An AI is able to take more factors into account than any human, and provide features such as the most suitable warranty plan for your car; something that fulfills the specific needs of the individual while remaining in their price range.
INFORMATION FOR INSURANCE FIRMS AND REGULATORS
Automation in the car industry also means further digitization and more accurate sensors. And in turn, that means more data generated during traffic. This can be of great aid for the resolution of traffic violations as well as insurance claims. In the latter industry, AI in cars would help with a lot of things.
For instance, AI could more accurately assess the risks pertaining to a particular driver. That way, insurance expenses could be dynamically adjusted to suit the specific profile of the individual. Plus, it could help people find the best car deals for them based on their financial and personal profiles.
Also, claims could be processed more easily if AI was constantly gathering data — the same would be true during an accident. Even now, there are similar software solutions in the works. A Chinese developer has a functional version of a smartphone app that can already provide a basic damage assessment for a vehicle just by using the camera of the phone.

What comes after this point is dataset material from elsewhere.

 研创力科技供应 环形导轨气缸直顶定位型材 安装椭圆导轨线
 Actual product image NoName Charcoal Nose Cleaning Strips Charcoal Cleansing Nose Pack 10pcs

The ways in which artificial intelligence could be used in self-driving cars are far from limited to safety regulations. The AI technology could have its uses in all kinds of functionalities that we have in our vehicles. For instance, they could be utilized to control entertainment systems — much akin to household devices like Alexa or Google Home.
The advancements within autonomous vehicles and accompanying AI developments seem to provide a great outlook for public transit. This is why the public sector has also begun looking into this technology; trying to assist the tech companies with bringing AI-powered car solutions to the market. Governments worldwide are trying to find investors for commercial research projects in this sector.
These changes definitely mean one thing — artificial intelligence is well into development, though perhaps not in the sci-fi form we’re used to seeing in pop culture. Even if it doesn’t rule every segment of our daily lives, it’s becoming incredibly likely that it will help us drive our cars, or even drive them for us.